Ci sono due soluzioni.
- Iniziare a vendere parzialmente la posizione e portare a casa i profitti (finché ci sono).
- Non vendere la posizione ma iniziare una strategia di copertura del rischio di ribasso, attraverso i derivati. Ma, se siete un cliente retail, la vostra banca difficilmente vi autorizza ad operare in futures sull’oro. Più facile invece acquistare un ETF che è strutturalmente “short” di oro, cioè un ETF che si muove in maniera esattamente opposta rispetto al sottostante.
Questo prodotto esiste ed è il WisdomTree Gold 3x Daily Short ISIN IE00B6X4BP29 Ticker 3GOS.
Il prodotto summenzionato replica la performance inversa a tripla leva dei contratti futures sull’oro. Non è mlto costoso nelle spese di gestione. L’indice di spesa complessiva (TER) dell’ETF è pari allo 0,99% annuo. L’ETC effettua la replica sintetica della performance dell’indice sottostante con uno swap, cioè attraverso l’uso di derivati. Essendo a leva con fattore 3X replica in maniera inversa il 300% della performance giornaliera dell’oro spot quotato al Comex di NY.

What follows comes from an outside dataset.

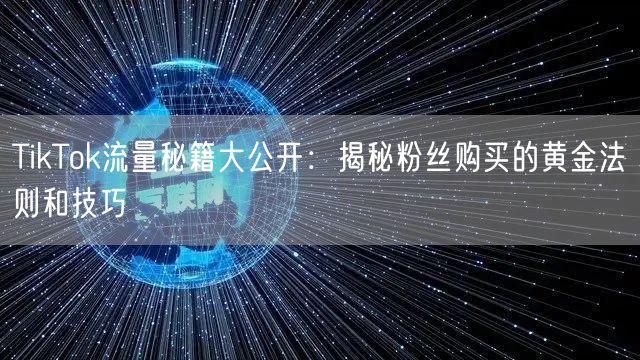 TikTok流量秘籍大公开：揭秘粉丝购买的黄金法则和技巧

Se l’oro perde il 2% l’ETF guadagna il 6% nella stessa seduta. E viceversa. Sono andato, tramite il data base Bloomberg, a fare un’analisi di regressione tra l’ETF in questione e il sottostante e devo dire che la copertura è abbastanza efficace, come potete osservare il grafico qui sotto, che mette in correlazione il grafico dell’oro e il grafico dell’ETF. Praticamente speculari.
E inoltre - cosa ancor più importante - la forza della correlazione è abbastanza importante, dato che nel grafico sottostante potete osservare che il coefficiente di correlazione è all’89%. Significa che il movimento dell’ETF - la variabile dipendente - è spiegato all’89% dal movimento dell’oro - la variabile indipendente – e quindi può essere usato per sterilizzare i movimenti ribassisti dell’oro. Ma se il trend dell’oro continuasse a salire, allora perdereste soldi nella posizione a copertura.

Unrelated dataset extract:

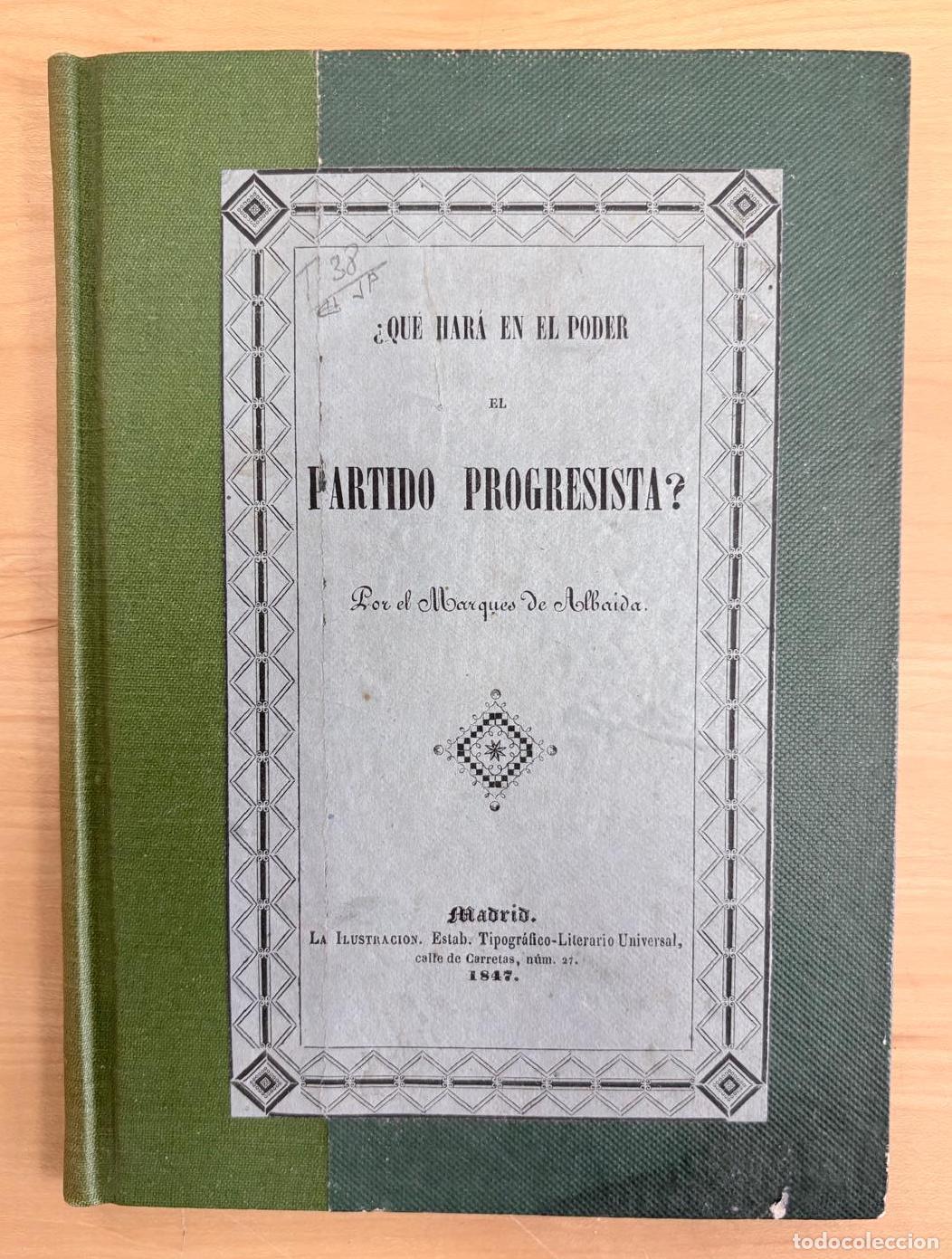 Libros antiguos: &iquest;QU&Eacute; HAR&Aacute; EN EL PODER EL PARTIDO PROGRESISTA?. MARQU&Eacute;S DE ALBAIDA, 1847 - Foto 1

Questa sorta di “polizza assicurativa” funziona in senso positivo, ma anche in senso negativo. Prima di investire quindi in questa assicurazione valutate attentamente quale grado di copertura intendete raggiungere, se il 25% o il 50% della posizione.
Vi sconsiglio la copertura integrale perché se il mercato vi va contro (se cioè il trend dell’oro continua ad essere fortemente positivo nei prossimi mesi) la perdita sulla posizione di “hedging” potrebbe essere sostanziosa, essendo un prodotto a leva 3X, come detto prima.
CORRELAZIONE TRA ETF WISDOM TREE 3X SHORT GOLD (linea bianca) E ORO(linea arancione) NEGLI ULTIMI 12 MESI. NEL GRAFICO IN BASSO: ANDAMENTO DEL COEFFICIENTE DI CORRELAZIONE TRA LE 2 VARIABILI, (ORA PARI A -89%)
FONTE: ELABORAZIONE SU DATI BLOOMBERG
N.B.: L’ETC WisdomTree Gold 3x Daily Short è un ETC di dimensioni molto piccole con un patrimonio gestito pari a 9 mln di Euro.